Kur'an-ı Kerim ve Türkçe Meali Sayfa 174
179. Biz cinler ve insanlardan birçoğunu cehennem için yaratmışızdır. Onların kalpleri vardır da onlarla kavramazlar; gözleri vardır da onlarla görmezler; kulakları vardır da onlarla işitmezler. İşte onlar hayvanlar gibidir; hatta daha da sapıktırlar. İşte asıl gafiller onlardır.
180. En güzel isimler sadece Allah'ındır. O'na o isimlerle dua edin. O'nun isimleri konusunda eğriliğe sapanları bırakın. Onlar yaptıklarının cezasını göreceklerdir.
181. Yarattıklarımızdan hakka hidayet eden ve adaleti hak ile yerine getiren bir topluluk vardır.
182. Ayetlerimizi yalanlayanları, hiç bilmeyecekleri yerden yavaş yavaş (helâke) yaklaştıracağız.

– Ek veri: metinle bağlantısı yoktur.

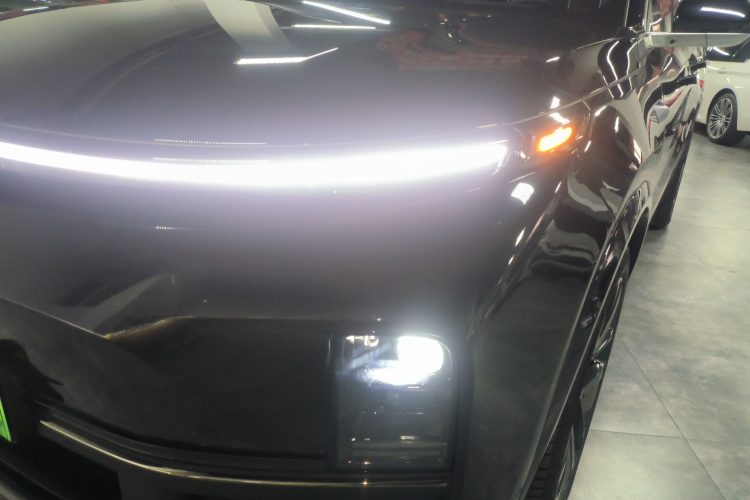 理想汽车 理想L8 2024款 Pro局部细节36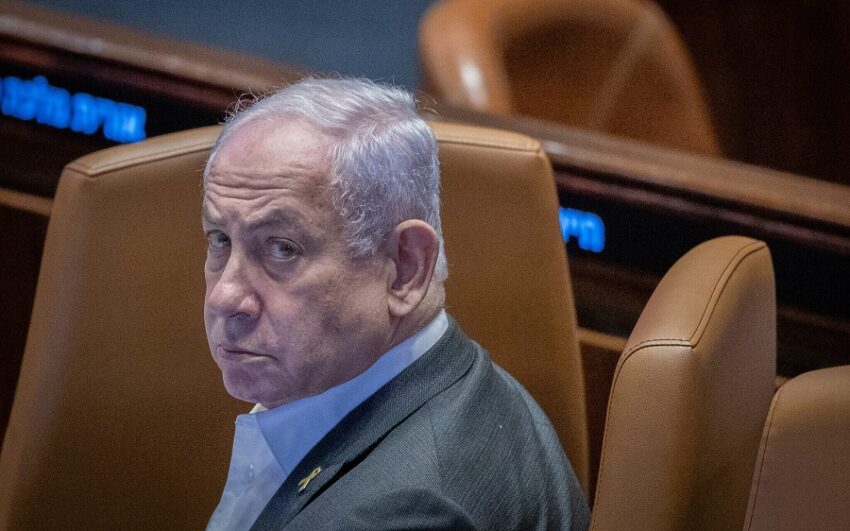 "Netanyahu ha un cancro al pancreas», lui querela un attivista e due giornalisti: il tribunale ordina la consegna della sua cartella clinica - Grandeinganno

183. Onlara mühlet veririm; (ama) benim düzenim çetindir.
184. Arkadaşlarında (peygamberde) herhangi bir cinnet olmadığını düşünmüyorlar mı? O, ancak apaçık bir korkutup uyarıcıdır.
185. Gökler ve yer ile Allah'ın yarattığı her şeyin egemenliğini ve ecellerinin yaklaşmış olabileceğini görüp düşünmüyorlar mı? Bundan (Kur'an'dan) sonra hangi söze inanacaklar?
186. Allah'ın saptırdığı kimseye artık hidayet edecek yoktur ve (Allah) onları tuğyanları içinde şaşkınca dolaşır bir durumda bırakıverir.
187. Sana kıyametin ne zaman demir atacağını (gerçekleşeceğini) sorarlar. De ki: “Onun ilmi yalnızca Rabbimin katındadır. Onun zamanı geldiğinde O'ndan başkası açığa çıkaramaz. O (ortaya çıkışı), göklere de yere de ağır gelmiştir. O size ansızın gelecektir. Sanki sen onu biliyormuşsun gibi sana soruyorlar. “De ki: Onun bilgisi ancak Allah'ın katındadır; ama insanların çoğu bilmezler.”